Farming in WWII
by Simon Mortimore, from Meon Matters 2011
Do you get annoyed with form filling, and do you wonder if this paperwork has been of benefit to anybody apart from the bureaucrats? Well read on, and learn how some of this paperwork not only played a major part in helping to defend our freedom, but has also left us with a fascinating historical insight into our community during World War II.
In 1940 these islands, with our commonwealth allies and various free forces elements, stood as the sole bastion against the Nazi’s. Germany had abandoned operation Sealion (Unternehmen Seelöw), the invasion of the UK following the military and psychological victory of the Battle of Britain, but the situation was still very grim.
However, they were still rampaging across the Continent, as the war became the first truly global conflict. In 1941 Hitler initiated operation Barbarossa, the invasion of the Soviet Union. The blitz was also continuing across this country, there was fierce fighting in North Africa, and the “official” entry of the United States was still to come in December with the Japanese attack on Pearl Harbour.
Cut off from Continental supplies and the Battle of the Atlantic at full intensity with wolf pack U-Boats operating in the Northern Atlantic (over 1000 ships were sunk during 1940, 1300 in 1941, peaking at over 1600 in 1942), food and fertiliser supplies were severely restricted. Therefore it became imperative to maximise food production, or face the real possibility of not being able to continue the fight. In fact the German High Command estimated that if they sank 150 merchant ships a month they would starve us into submission.
To survive we had to know what the land was or could produce. This led to the ‘Agriculture Survey of 1941 – 1943’. Not only did this play a major role in feeding the nation during those trying times, but now provides a unique insight into our community during the war years.

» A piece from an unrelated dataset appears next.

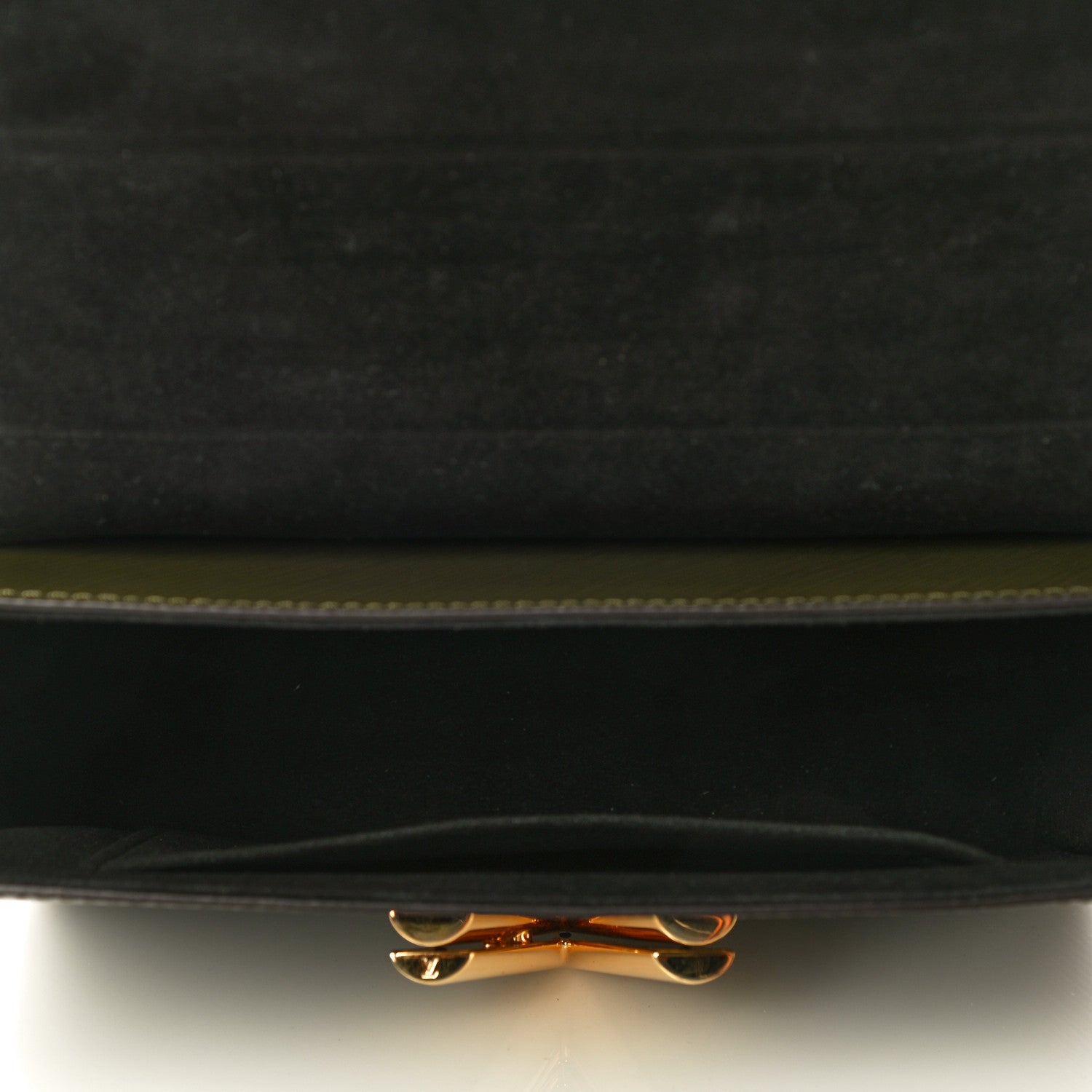 Louis Vuitton Epi Twist Shoulder Bag MM Kaki 5 of 10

Starting in 1940, the survey was controlled by the ‘County War Agricultural Executive Committees’, and these Committees were far from toothless pen pushers. They could and did; direct what was grown, take over land, and even order the termination of tenancies if they felt the farm was not being run correctly.

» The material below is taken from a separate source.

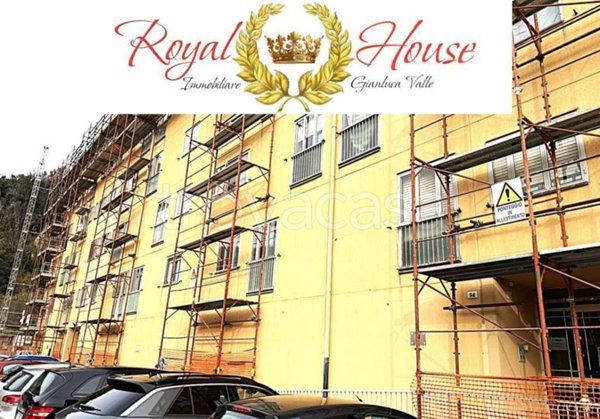 appartamento in vendita a Genova in zona Acquasanta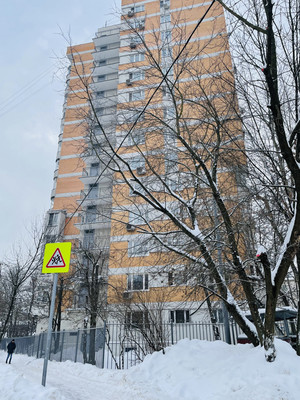 Продам трехкомнатную (3-комн.) квартиру, Весёлая ул, 35, Москва г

The immediate aim of the survey was to dramatically increase food production. To do this around 85% of farms were surveyed between June 1940 and the early months of 1941, each being giving a rating of A, B, or C, primarily focusing on the productivity of the land. This led to much land that had not been under the plough since the Middle Ages being brought back into production.
Once the initial challenge was over, a more structured survey took place from 1941 until 1943 to create a comprehensive picture of the nation’s agricultural capabilities, and which could form the basis of the post war planning.
Every farm of 5 or more acres would be surveyed, some 300,000 establishments. However this time the surveys, carried out by local farmers, would focus more on the management capabilities of the farmer rather than what was being produced. To do this the survey gathered information around; quality of the land, labour used, type of power supplies, tenancy details, and if there were there any infestations!
So what does the survey for the parish of East Meon tell us? Below are some selections from the documents held at the National Records Office (NRO) Kew, reference ‘MAF 32’ for those of you familiar with the NRO. My selection is purely random!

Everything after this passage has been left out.